Let's make up something similar and go with that as an example.
$\displaystyle \lim_{x\to 2}[2x-7]=-3$
$\displaystyle |(2x-7)+3|=|2x-4|=2|x-2|<{\epsilon} \;\ if \;\ |x-2|<\frac{\epsilon}{2}, \;\ so \;\ {\delta}=\frac{\epsilon}{2}$
Here's another. I am just making an example up to illustrate to you as a tutorial. Hope it helps.

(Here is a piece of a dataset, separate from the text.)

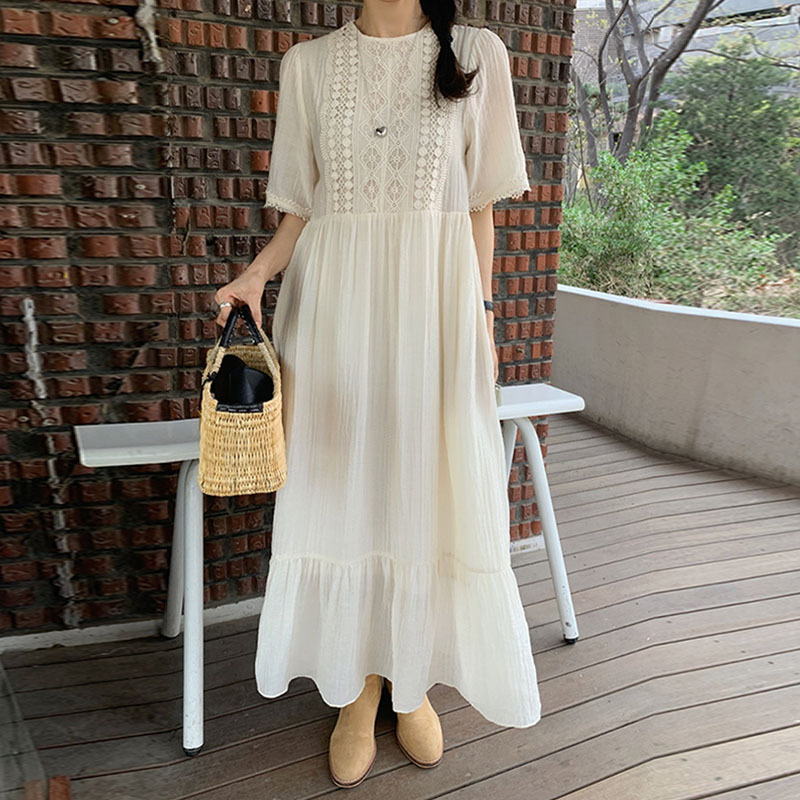 Summer elegant lace design long dress with a round collar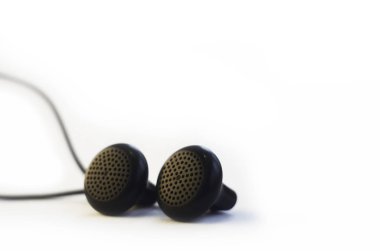 Beyaz bir arka plan üzerinde izole küçük kulaklıklar. Müzik dinleme konsepti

$\displaystyle \lim_{x\to 4}\sqrt{x}=2$
$\displaystyle |\sqrt{x}-2|=\left|\frac{\sqrt{x}-2}{1}\cdot\frac{\sqrt{x}+2}{\sqrt{x}+2}\right|=\fr ac{|x-4|}{\sqrt{x}+2}$
Now, if we pull the reins back on delta and restrict it so that $\displaystyle {\delta}\leq 4$, then:
$\displaystyle |x-4|<4$
$\displaystyle 0<x<8$
$\displaystyle 0<x<\sqrt{8}$
$\displaystyle 2<\sqrt{x}+2<\sqrt{8}+2$
$\displaystyle \frac{1}{2}>\frac{1}{\sqrt{x}+2}>\frac{1}{\sqrt{8} +2}$
$\displaystyle \frac{1}{\sqrt{x}+2}<\frac{1}{2}$
$\displaystyle \frac{|x-4|}{\sqrt{x}+2}\leq \frac{1}{2}|x-4|$
Therefore, thus, and all that:
$\displaystyle |\sqrt{x}-2|<{\epsilon} \;\ if \;\ \frac{1}{2}|x-4|<{\epsilon}, \;\ or \;\ if \;\ |x-4|<2{\epsilon}, \;\ so \;\ {\delta}=min(2{\epsilon},4)$
There.....does that help finish the one you have assuming you fix the typo or what not?.